After Russell Slade had spoken following the Birmingham match last week with plenty of confidence about the chances of Lex Immers turning his loan move into a permanent one, it didn’t surprise me at all to hear the announcement that the twenty nine year old Dutch midfield player had joined us from Feyenoord on a two year deal.
It’s early days in his Cardiff career yet, but, so far at least, Immers has maintained the one goal every three matches scoring rate which marked his time with the Rotterdam team (actually, he scored thirty one times in hundred matches for Feyenoord according to Wikipedia).
I can remember watching a You Tube video showing Immers in goalscoring action for Feyenoord and his first club, Den Haag, and being struck by how “ordinary” they all looked. There was barely anything there that would remotely qualify as spectacular and this trend has continued so far at Cardiff, with all five of his goals for us up to now being close to tap ins – his only goal so far at Cardiff City Stadium, against Brighton, from about twelve yards out being the closest thing to a long range strike up to now.

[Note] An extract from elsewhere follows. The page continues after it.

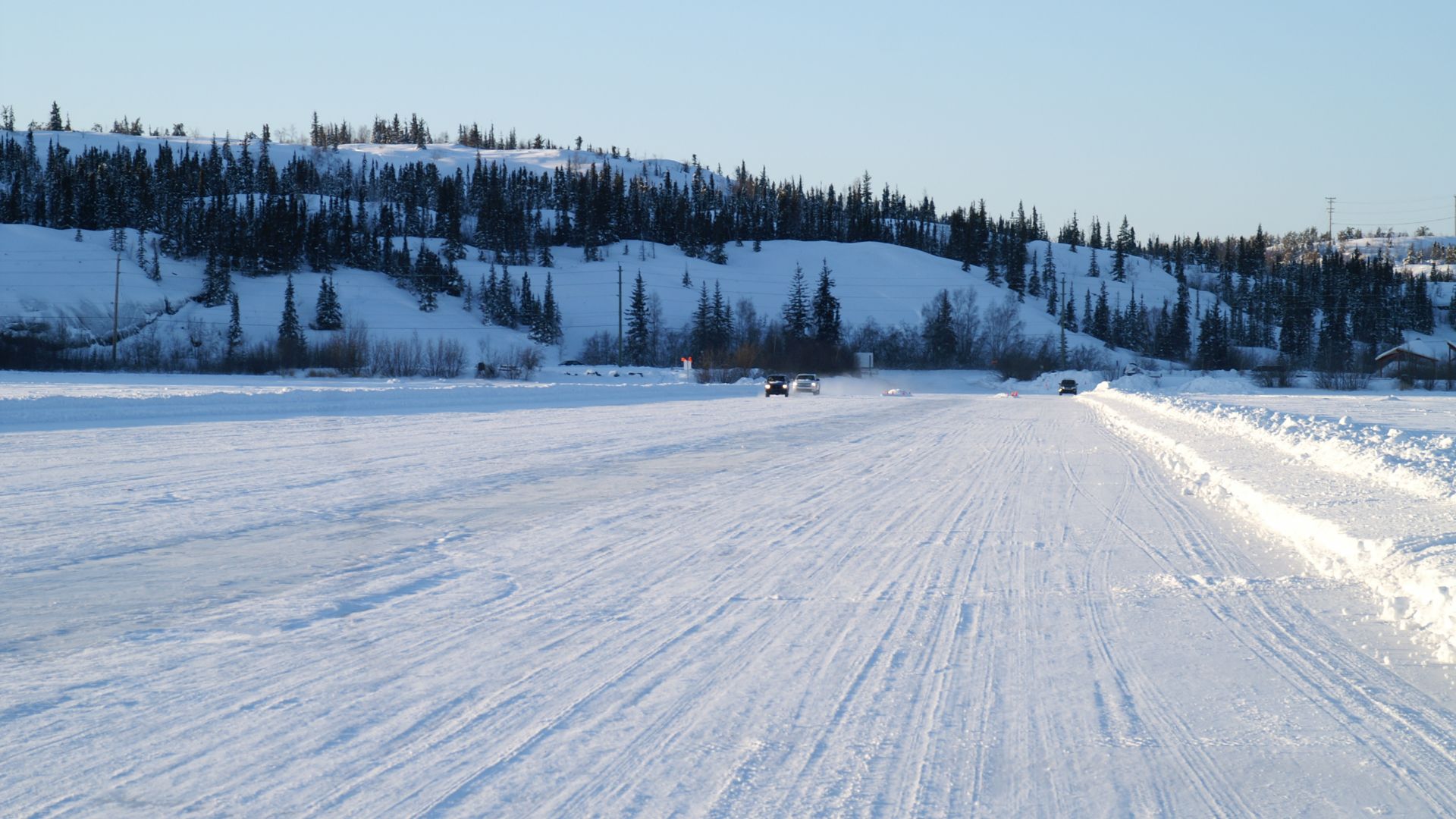 File:Ice Road on Great Slave Lake 2.jpg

Immers’ goals always look so simple to score that you wonder why other midfield men who also play in advanced areas behind the main striker(s) cannot match his scoring rate. However, the more I watch him, the more I think that our newest signing is a very intelligent player who has the knack of finding pockets of space, be it in the penalty area to score or in that area behind the striker(s) in general play to use simple, but effective passes. which can truly hurt opponents.
The news that as many as six other Championship clubs were also keen on signing Immers shouldn’t come as a surprise. Obviously, they’d also noticed that this sometimes ordinary looking player has a knack of influencing matches with his goals, key passes, work rate and ability to make the opposition’s sitting midfield man’s life more awkward that it has often been in the past against Cardiff.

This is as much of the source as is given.